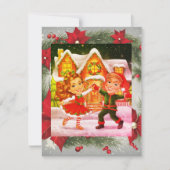 kerstfeestdag feestdagenkaart (Voorkant)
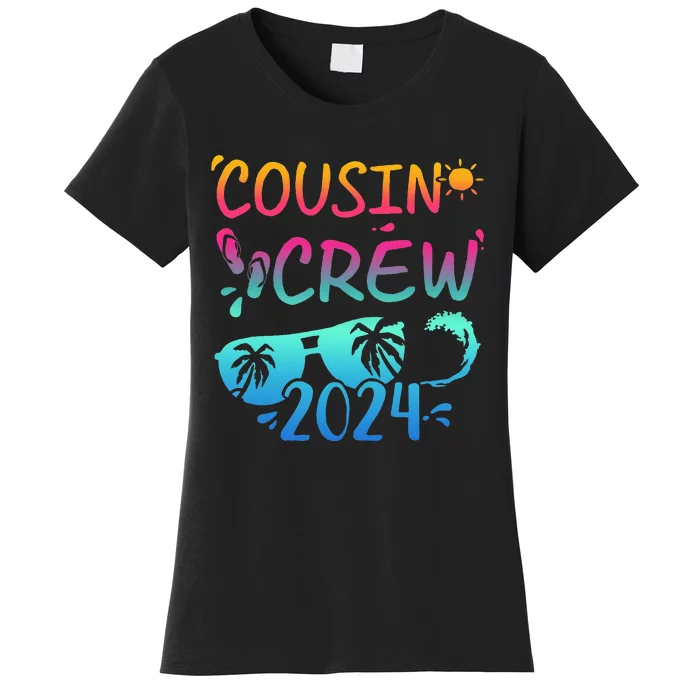 Cousin Crew 2024 For Summer Vacation Holiday Family Camp Women's T-Shirt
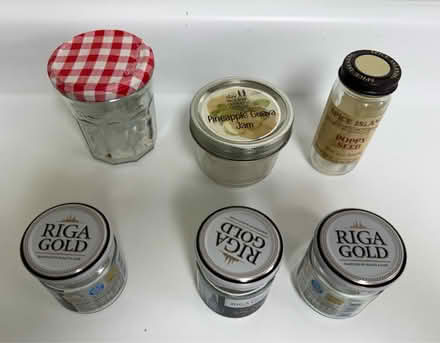 Photo of free Empty glass screw-top jars (Valencia Avenue, Sunnyvale) #1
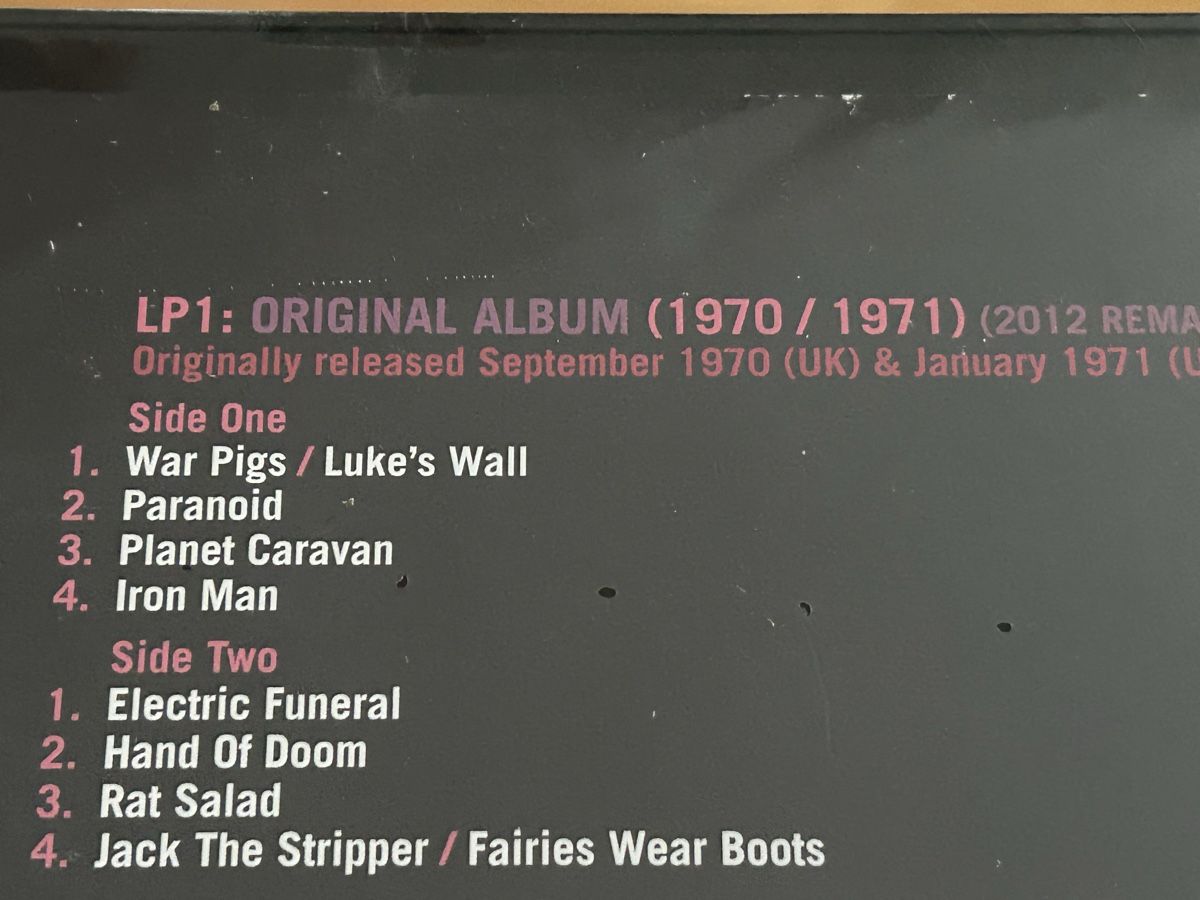 Dischi in vinile: Black Sabbath Box. Neu noch ungeöffnet – Nuovo e nell'imballaggio originale da Faulensee venduto da Mizuno06 4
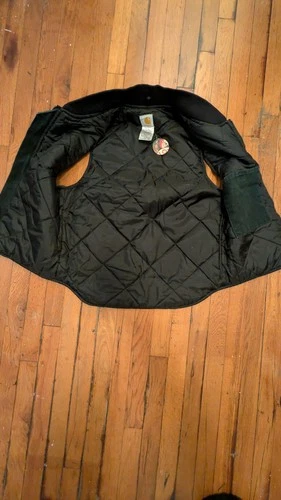 Carhartt V02 Arctic V02SPC Green Canvas Quilted Lined Zip Vest Men’s S Reg image 5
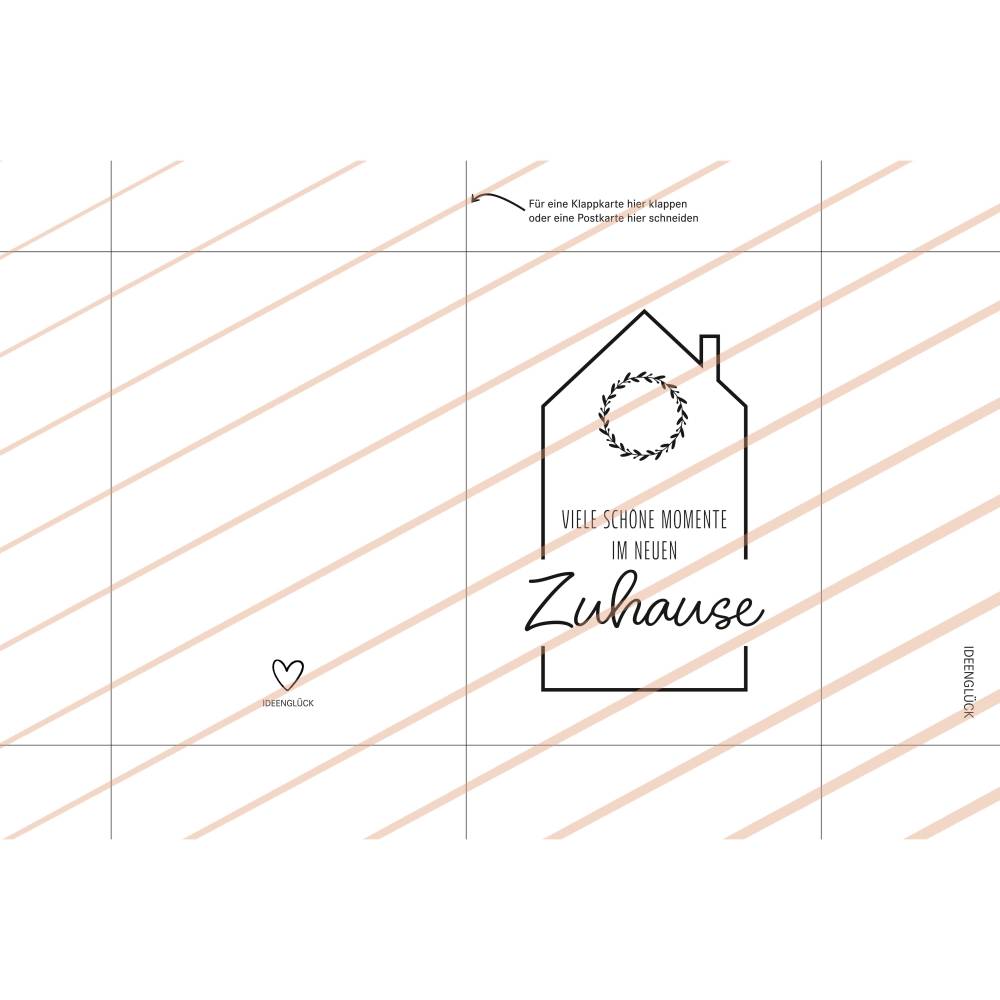 Einzugsgeschenk I | Einweihung | Richtfest | Umzug | Salz Brot Wein | Karte | Druckvorlage A4 | Datei | PDF Vorlage Bild 7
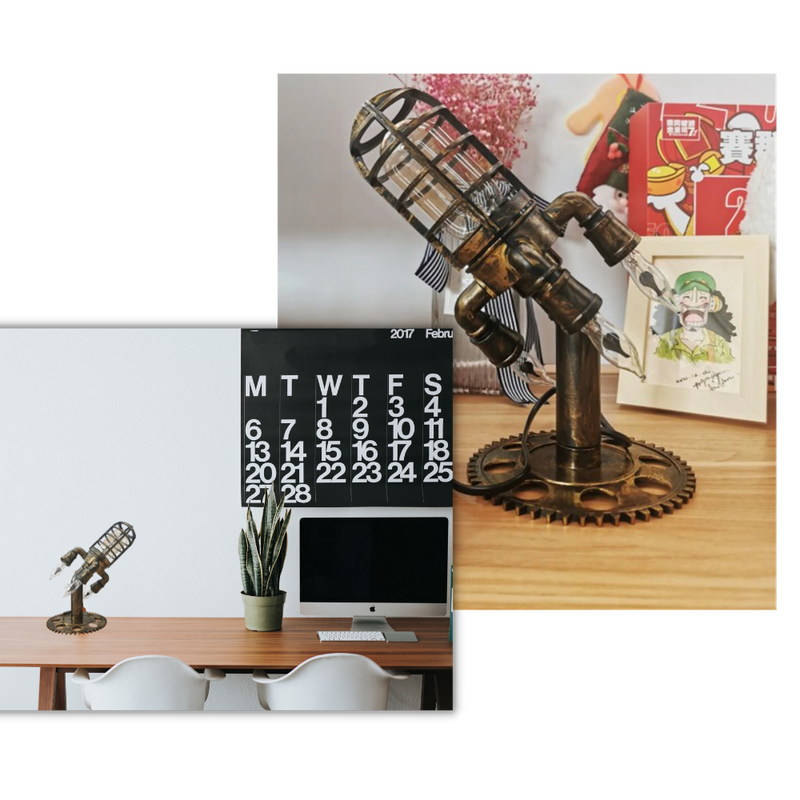 Lampe LED en forme de fusée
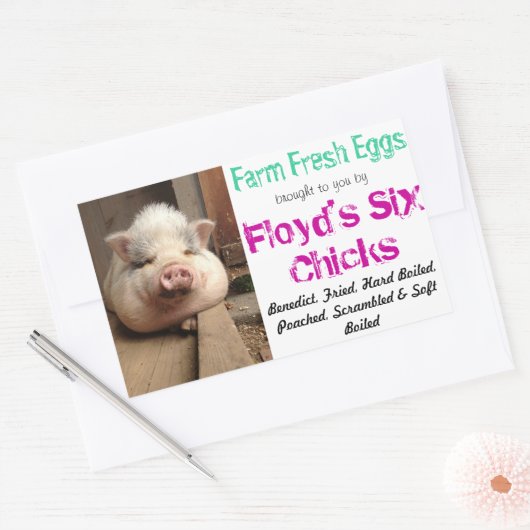 Eierkarton-Aufkleber Rechteckiger Aufkleber (Umschlag)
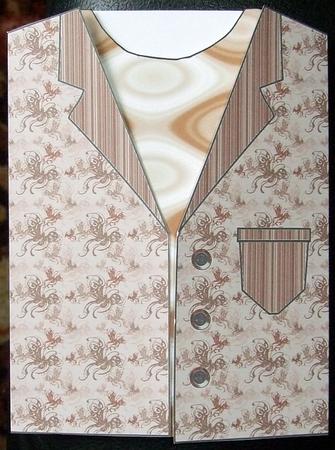 Chocolate Box Jacket Card Blank 2 by GWYNETH GEORGE
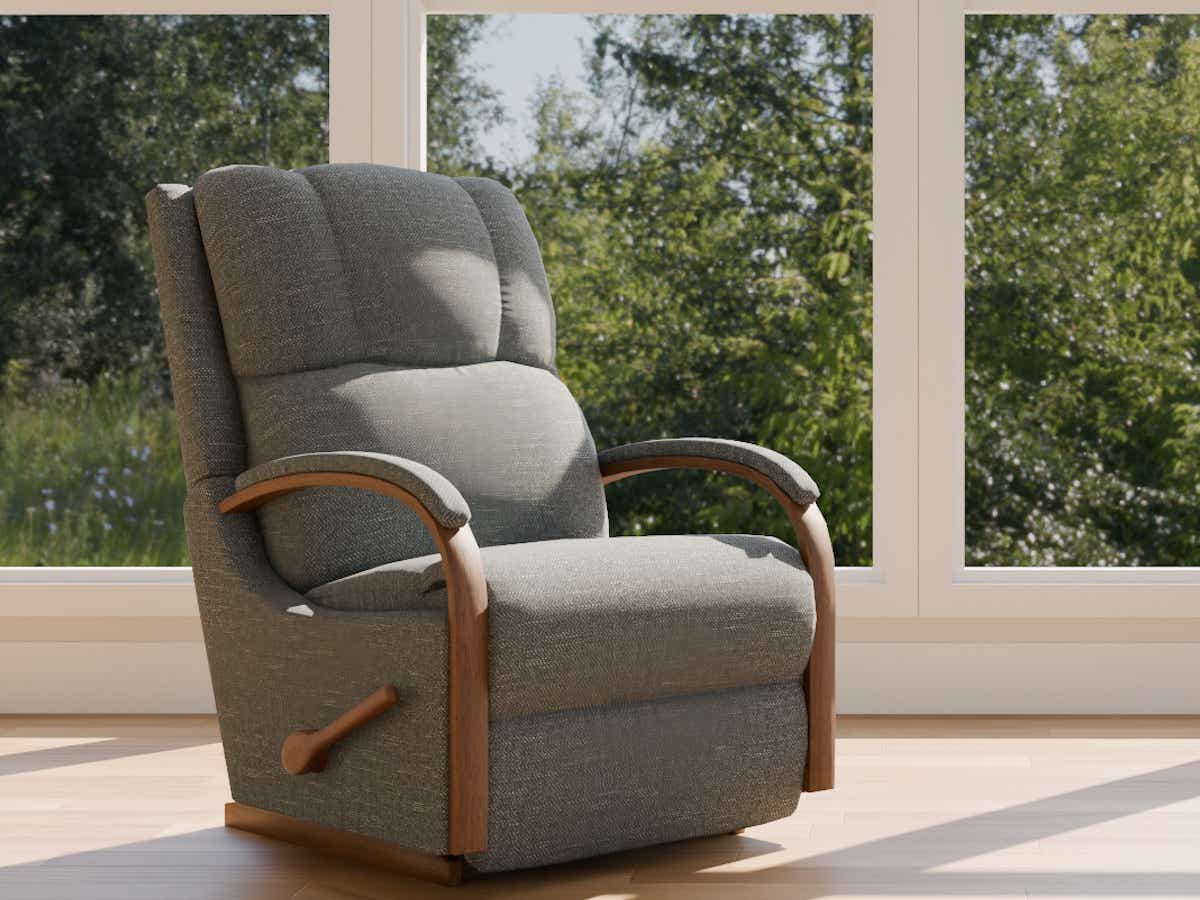 La-Z-Boy Harbor Town Rocking Recliner — Petite Scale, Fabric or Leather La-Z-Boy Recliner Chair
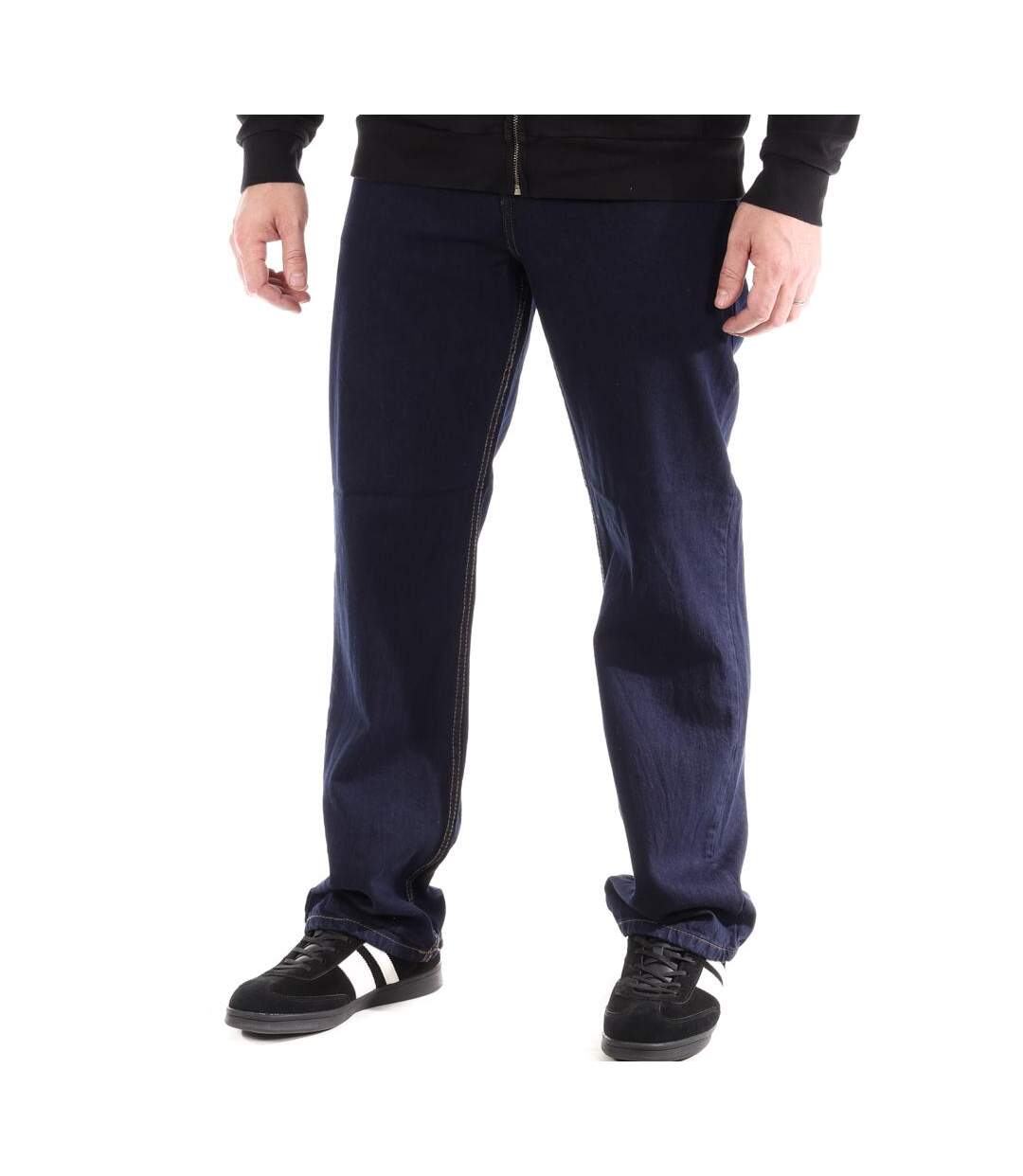 Jean bleu homme noir paname brothers 200-1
━━━
Exercise objective - Counting both ends, reproduce word for word the lines from the line with "Photo of free" to the final line of the listing above, skipping every picture.

Finished exercise -
 Photo of free Empty glass screw-top jars (Valencia Avenue, Sunnyvale) #1
 Dischi in vinile: Black Sabbath Box. Neu noch ungeöffnet – Nuovo e nell'imballaggio originale da Faulensee venduto da Mizuno06 4
 Carhartt V02 Arctic V02SPC Green Canvas Quilted Lined Zip Vest Men’s S Reg image 5
 Einzugsgeschenk I | Einweihung | Richtfest | Umzug | Salz Brot Wein | Karte | Druckvorlage A4 | Datei | PDF Vorlage Bild 7
 Lampe LED en forme de fusée
 Eierkarton-Aufkleber Rechteckiger Aufkleber (Umschlag)
 Chocolate Box Jacket Card Blank 2 by GWYNETH GEORGE
 La-Z-Boy Harbor Town Rocking Recliner — Petite Scale, Fabric or Leather La-Z-Boy Recliner Chair
 Jean bleu homme noir paname brothers 200-1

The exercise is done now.